Suppose we have n distinct, orthogonal, vectors, and you multiply them: $v_0v_1v_2...v_{n-1}$.
Well, it turns out that this product must be anti-commutative.

Proof:

To see this, we use associativity, which shouldn't be controversial, since we are assuming our product is a form of multiplication.

Now, without loss of generality, pick $v_0$ and $v_1$ and swap them.
This yields
$(v_1v_0)v_2...v_{n-1}$


Furthermore, we know that the geometric product of two orthogonal vectors is interchangeable with the wedge product, so, we get
$(v_1\wedge v_0)v_2...v_{n-1} = -(v_0\wedge v_1)v_2...v_{n-1} = -v_0v_1v_2...v_{n-1}$

In fact, the geometric product of orthogonal vectors takes a particularly simple form--a k-blade.  Now, initially, when I wrote this posting, I had thought to make this an axiom, and then, I made a mistake, and reneged on it.  However, I see, now, that my initial suspicion seems to be correct--in a sense.  You see, there are two ways of defining the wedge product in association with the geometric product.  The first is to define it explicitly in terms of the geometric product, which, despite being an awful pedagogical approach, is favored by pretty much everyone.  The second is the way I use, which is to define it, and then base the geometric product off of it.    Admittedly, the first approach is more elegant, in that you need fewer axioms, but I don't know why mathematicians (and many physicists) think that elegance is a good substitute for understanding.  It doesn't matter a whit how concise and direct your argument is if you can't get your point across to all but a subset of people who enjoy the gavage method of learning concepts${}^{\text{TM}}$.  Seriously, dudes, I know I harp on this a lot, but guys, how about you tone down the rigor when presenting new concepts?  You might get more people to like your subject, if you do.
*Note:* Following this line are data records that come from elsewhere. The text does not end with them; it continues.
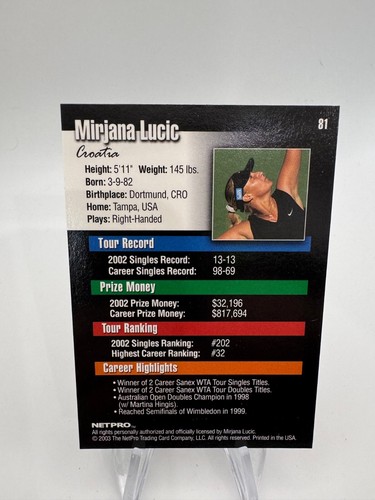 2003 NetPro - Tennis Cards - Complete Your Set - You U Pick - Rookies - Picture 176 of 194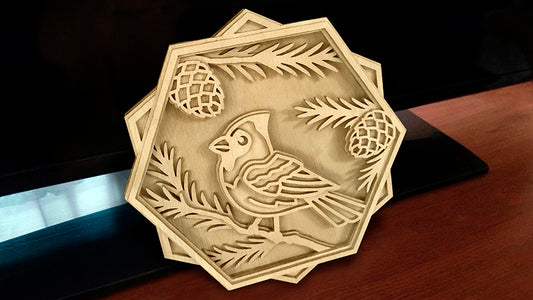 C185-Cardinal Layered Scroll Saw Pattern - Alex Fox Patterns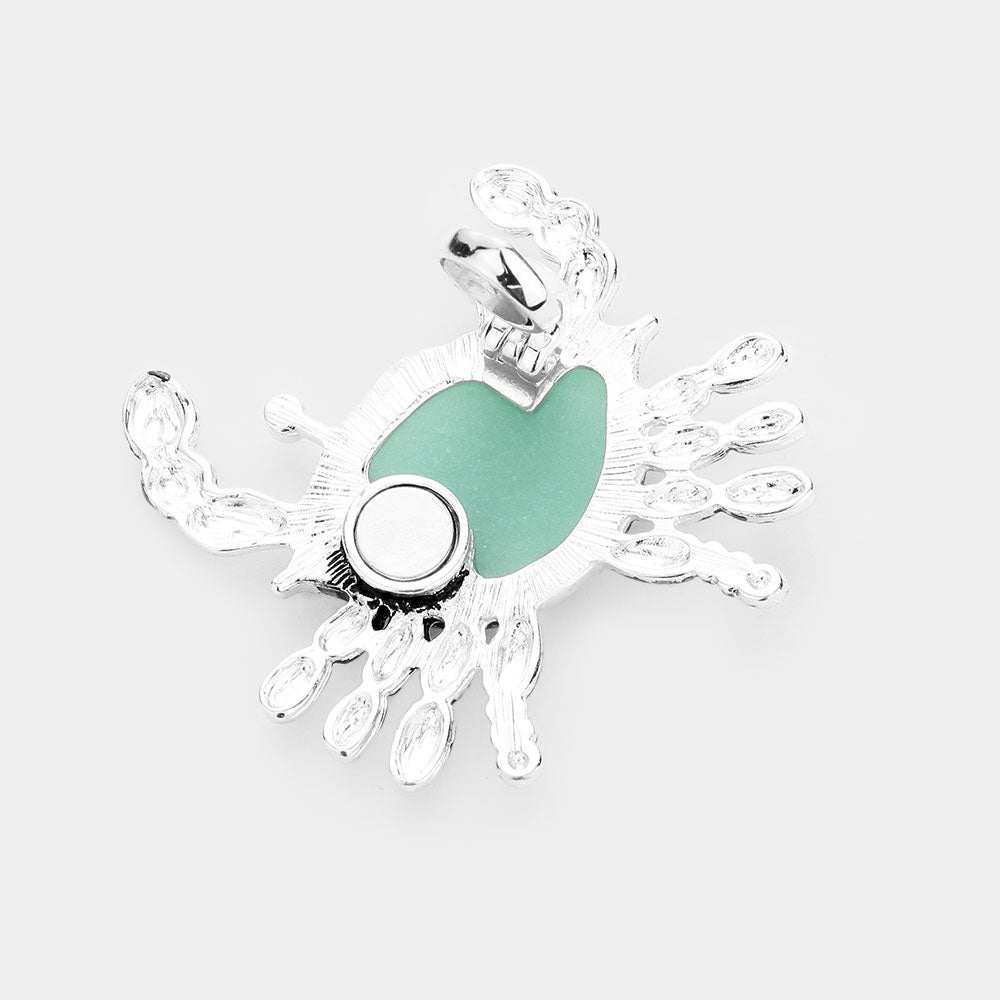 iLLASPARKZ Sea Glass Detail Metal Crab Magnetic Pendant Set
Anyway, I keep meaning to make a blog post about my love/hate relationship with theoreticians, but that's for another day.  For now, let's just add an axiom, which I will call the

Fundamental Axiom

If $v_0$, $v_1$, ..., $v_{k-1}$ are all orthogonal vectors, then,

$v_0v_1...v_{k-1} = v_0 \wedge v1 \wedge ... \wedge v_{k-1} $

The motivation for this is consistency (as far as I can tell.  I am not certain what the original motivation was).  For two orthogonal vectors, this is true, so why not have it be true for more than two?  Indeed, there is a more formal reason why, based off of redundancy, but that is too complicated to get into, now.

Anyway, once we have this axiom, the geometric product can be completely defined.  By that, I mean you could write a straightforward, albeit, inefficient algorithm for calculating the geometric product using wedge products and scalars.
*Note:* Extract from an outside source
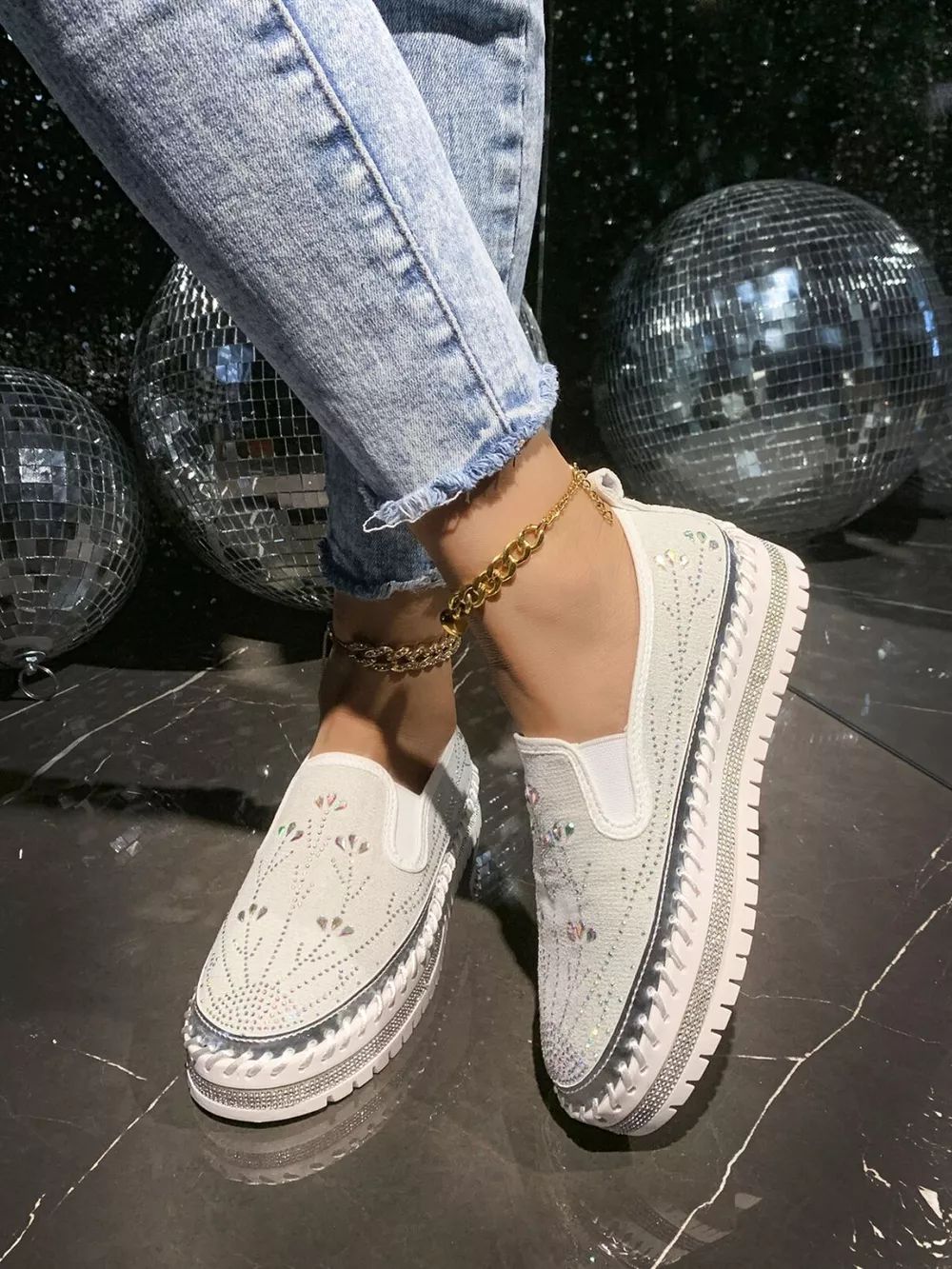 Rhinestone Embellished Platform Loafers, image 11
To see this, first, I need to show that if you have a product of multiple vectors, its value will depend fundamentally on how we define the product of orthogonal vectors.
Let's say you have a set of orthogonal vectors, O of size m, and you have a product that contains N vectors from this set O, where n > m.  Then, by the pigeonhole principle, this product contains at least one copy.

Let's construct two sets: $C_{odd}$ and $C_{even}$.

$C_{odd}$ is the set of all vectors that occur an odd number of times in the product.
$C_{even}$, likewise, is the set of all vectors that occur an even number of times in the product.

Furthermore, let $k = |C_{odd}|$

Orthogonal Product Theorem

Let $v_0$, $v_1$, ..., $v_{k - 1}$ be the set of vectors in $C_{odd}$.  Then, this product will be equivalent to $s\mathbf{v_0v_1}...\mathbf{v_{k-1}}$, where s is a scalar.

Proof:

I will start with an example.  Let O be {A,B,C,D}.  Suppose you have the product, $AAABBBCD$.
Rearrange this so you have $ABCD$ on the far right:

$AAABBBCD = AABBABCD$.

Now, $AA = A^2 = a$ and $BB = B^2 = b$, where a and b are scalars.

So, the result is:
$abABCD$

So, for the general proof, just as we did for the  we are going to reorganize the product in the following manner, multiplying it by the appropriate sign:
Let the right-most k terms be $v_0v_1...v_{k-1}$.
In the remaining product, there will be vectors in $C_{even}$, and vectors in $C_{odd}$.  Take each set of copies and place them to the left of $v_0v_1...v_{k-1}$ so that all copies of the same vector are adjacent to each other.  Now, the adjacent "runs" of $C_{even}$ will each yield scalars.  Likewise, the remaining adjacent "runs" in $C_{odd}$ will also produce scalars, since they will be even in length.  Then s is the sign multiplied by all the scalars to the left of $v_0v_1...v_{k-1}$.  We have thus proven our theorem.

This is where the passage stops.